Given records:

##############################

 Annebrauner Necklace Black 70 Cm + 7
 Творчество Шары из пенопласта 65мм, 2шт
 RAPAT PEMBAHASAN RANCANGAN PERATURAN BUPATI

##############################

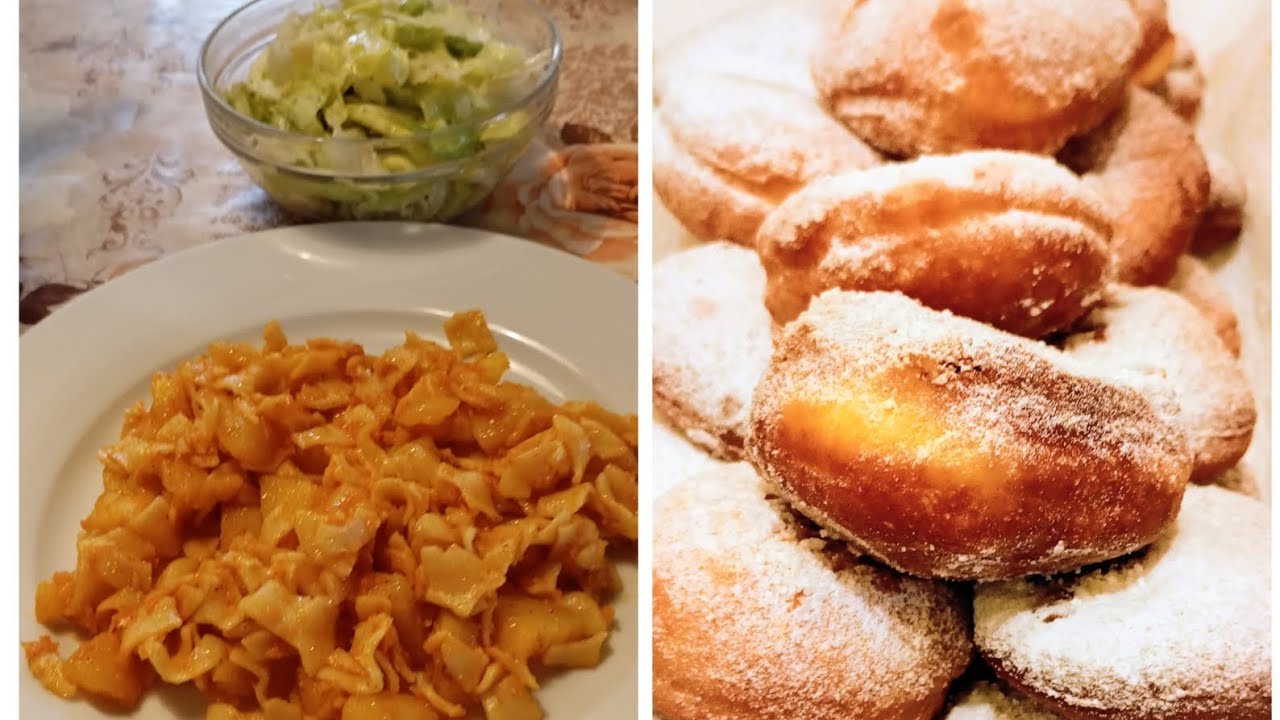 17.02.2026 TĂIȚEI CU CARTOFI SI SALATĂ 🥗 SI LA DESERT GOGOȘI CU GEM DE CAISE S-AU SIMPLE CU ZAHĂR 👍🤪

##############################

Activity: Take the records above and return, word for word, only the lines that fall from the line with "Annebrauner Necklace Black 70 Cm + 7" to the line with "RAPAT PEMBAHASAN RANCANGAN PERATURAN BUPATI", both of them included.

Solution:
 Annebrauner Necklace Black 70 Cm + 7
 Творчество Шары из пенопласта 65мм, 2шт
 RAPAT PEMBAHASAN RANCANGAN PERATURAN BUPATI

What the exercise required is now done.